The only thing I'll reveal about the plot of Lumps is the fact that a boy notices the family home to be under attack by mysterious lumps. But no one in the family will believe the boy's account of these. The story soon took on an element of mystery for me as I wondered what these lumps were. Was the boy simply having ocular migraines? Did he have a brain injury that caused visual distortions? Or were these supernatural invaders that could only be detected by the eyes of a young person?
I liked Woodhead's play on psychedelic influence midway in the story. At some point, an entire room had become violently under attack by these lumps as they made geometric shapes along the walls. The boy suspected that perhaps his older sister had put hallucinogenic drugs in his food, and simply waited for the effects of those supposed drugs to wear off.

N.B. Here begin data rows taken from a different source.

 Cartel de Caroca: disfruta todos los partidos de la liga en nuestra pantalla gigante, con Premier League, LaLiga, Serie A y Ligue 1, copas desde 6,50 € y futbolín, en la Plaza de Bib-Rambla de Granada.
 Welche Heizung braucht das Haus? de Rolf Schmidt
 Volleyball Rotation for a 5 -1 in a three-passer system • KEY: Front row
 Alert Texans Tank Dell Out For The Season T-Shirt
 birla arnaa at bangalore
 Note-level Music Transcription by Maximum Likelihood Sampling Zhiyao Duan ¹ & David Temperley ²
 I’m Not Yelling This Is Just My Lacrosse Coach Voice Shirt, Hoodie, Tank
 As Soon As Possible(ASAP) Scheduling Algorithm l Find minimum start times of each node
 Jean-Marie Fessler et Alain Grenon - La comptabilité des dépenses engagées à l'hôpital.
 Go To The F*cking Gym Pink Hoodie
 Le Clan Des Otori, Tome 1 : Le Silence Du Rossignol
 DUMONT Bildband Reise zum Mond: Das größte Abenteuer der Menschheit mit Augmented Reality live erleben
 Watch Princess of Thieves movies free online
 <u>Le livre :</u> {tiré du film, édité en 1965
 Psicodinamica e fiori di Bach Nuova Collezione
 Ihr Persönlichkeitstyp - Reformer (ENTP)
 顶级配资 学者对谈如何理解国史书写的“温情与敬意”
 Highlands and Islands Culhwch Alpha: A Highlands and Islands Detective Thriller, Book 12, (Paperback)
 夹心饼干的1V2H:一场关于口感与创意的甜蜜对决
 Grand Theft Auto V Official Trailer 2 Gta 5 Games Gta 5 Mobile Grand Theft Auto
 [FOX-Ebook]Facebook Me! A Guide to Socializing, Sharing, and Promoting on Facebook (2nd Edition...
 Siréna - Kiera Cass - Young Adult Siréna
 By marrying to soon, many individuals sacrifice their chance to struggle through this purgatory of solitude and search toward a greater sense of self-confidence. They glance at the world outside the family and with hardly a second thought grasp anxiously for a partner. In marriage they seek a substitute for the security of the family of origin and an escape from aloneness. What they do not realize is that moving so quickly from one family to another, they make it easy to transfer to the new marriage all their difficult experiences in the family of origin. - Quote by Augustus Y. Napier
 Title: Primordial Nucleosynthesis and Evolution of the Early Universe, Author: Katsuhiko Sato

But all of this is only half of the terror. Just wait, that's all I can say! Oh, and "Wow..."
As an American reader, I also find I have a fascination with Woodhead's subtle revealing of British culture. He doesn't do this intentionally, of course. Ian is only writing from a place and culture that he is part of. But I paid close attention to characters that exclaimed catch phrases identifiably as British. At some point, an untalented, amateur comedian appeared on some TV show. I could actually see the show and shenanigans on the TV and could actually imagine a family home in the U.K watching it. And the main character enjoyed some interesting meals that I've never even imagined.
I give the story 5 stars! I hope that the author continues to dream up this style of horror and give us more!

Tom Raimbault
Chicago, Illinois
(review of free book)
Review by: Steven Beltzer on Dec. 22, 2010 :
Very clever and well put together. Ian's direction with his short fiction is fun, grabs the reader's attention and leaves them hunting fore title by him.
(review of free book)
Review by: torchwood on Nov. 5, 2010 :
Brilliant Ending!
(review of free book)
Review by: Jo Novotny on Nov. 4, 2010 :
I liked it. And I like free!
(review of free book)
Review by: Garry Charles on Oct. 12, 2010 :
Ian is a bright new star within the horror genre and I, for one, will be keeping a close eye on him... You should too
(review of free book)
Review by: David Jeffery on Oct. 11, 2010 :
Traditional Woodhead blend of dysfunction and chilling whimsy. A great read.
(review of free book)
Review by: Bec Lewis on Oct. 7, 2010 :
Very enjoyable. I was gripped, and had to keep reading to see how it would all end.
(review of free book)
Review by: Stuart Neild on Oct. 7, 2010 :
Ian Woodhead is building up a very nice trade in short stories here on smashwords.